The task
Print all of the entries exactly, minus the pictures.

Data listing
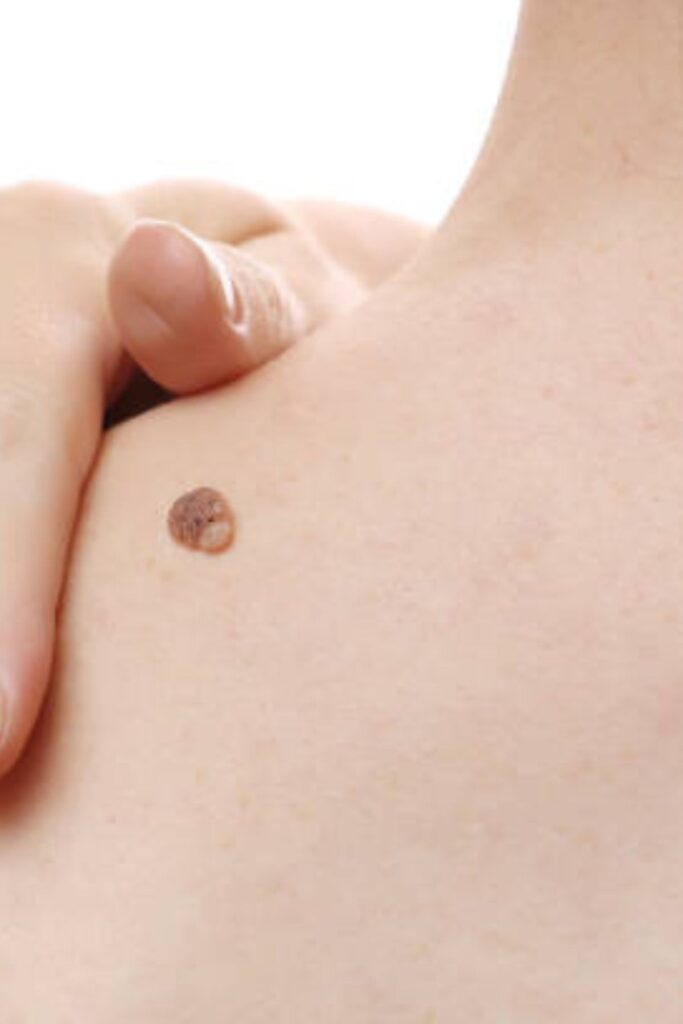 lumps bumps and skin tags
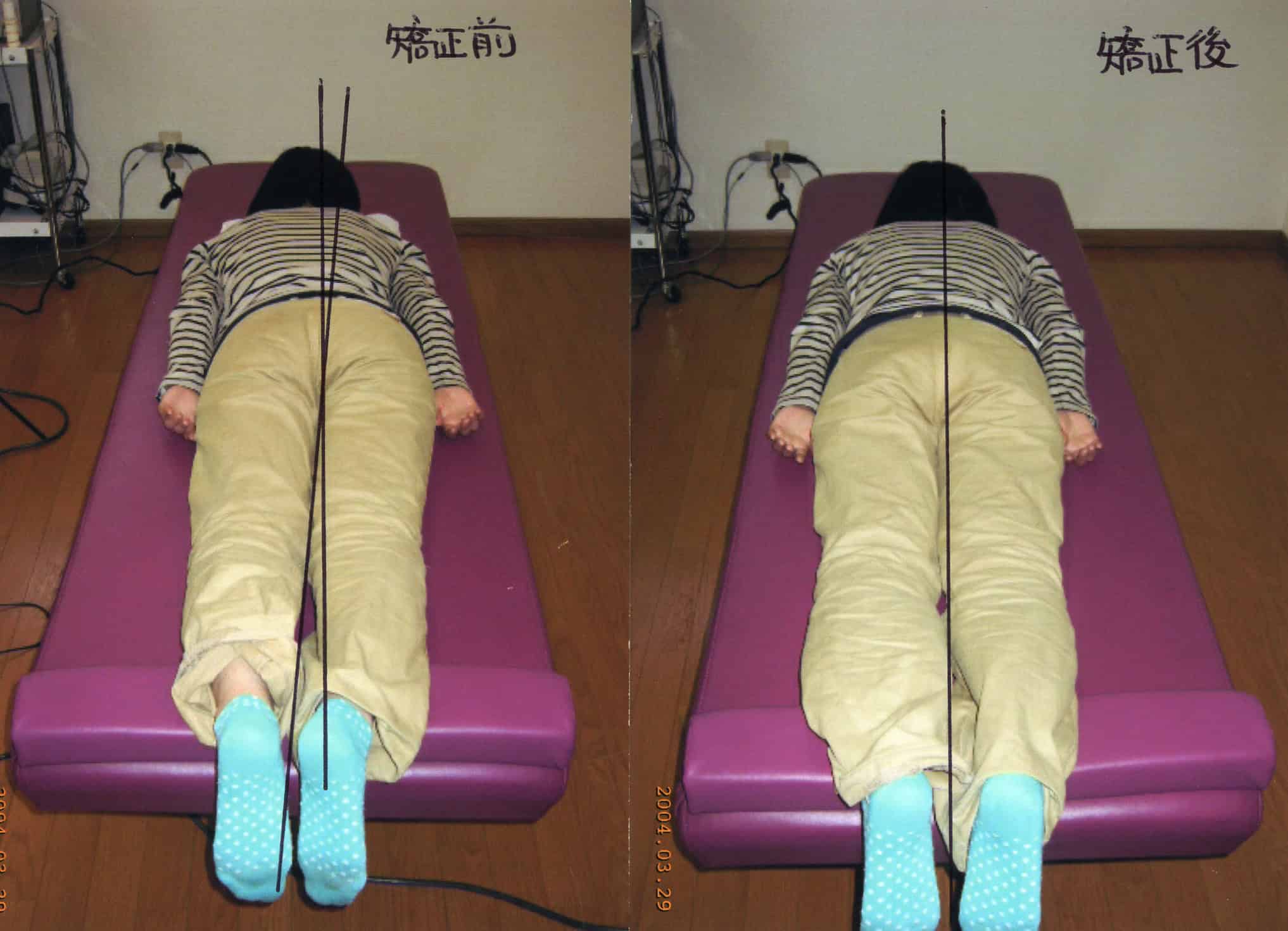 スタッフ紹介前田整体院高知
身体の歪み矯正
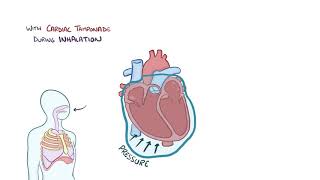 Cardiac tamponade causes symptoms diagnosis treatment pathology [upl. by Barnaby233]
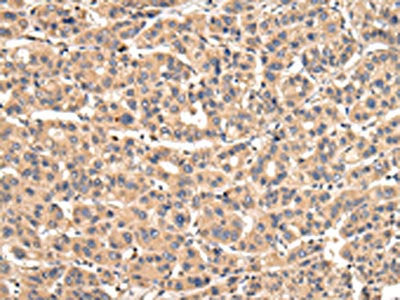 The image on the left is immunohistochemistry of paraffin-embedded Human liver cancer tissue using CSB-PA088155(VPS35 Antibody) at dilution 1/30, on the right is treated with fusion protein. (Original magnification: ×200)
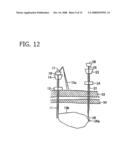 MEDICAL SUTURING TOOL WITH MULTIPLE PUNCTURE NEEDLES diagram and image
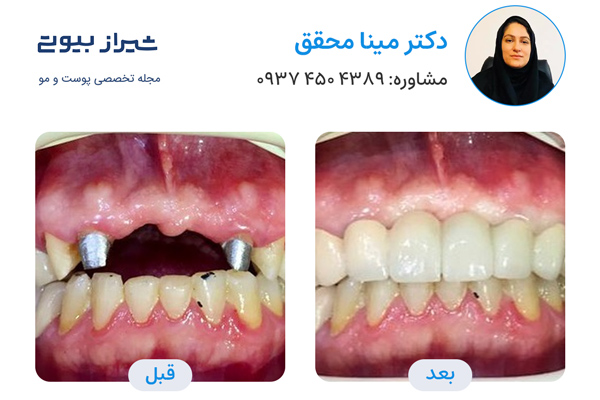 بهترین دکتر ایمپلنت دندان در شیراز - دکتر مینا محقق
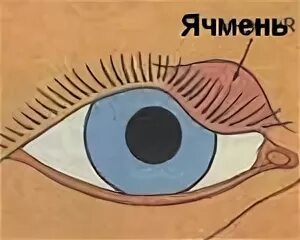 Ячмень в уголке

Reply
 lumps bumps and skin tags
 スタッフ紹介前田整体院高知
身体の歪み矯正
 Cardiac tamponade causes symptoms diagnosis treatment pathology [upl. by Barnaby233]
 The image on the left is immunohistochemistry of paraffin-embedded Human liver cancer tissue using CSB-PA088155(VPS35 Antibody) at dilution 1/30, on the right is treated with fusion protein. (Original magnification: ×200)
 MEDICAL SUTURING TOOL WITH MULTIPLE PUNCTURE NEEDLES diagram and image
 بهترین دکتر ایمپلنت دندان در شیراز - دکتر مینا محقق
 Ячмень в уголке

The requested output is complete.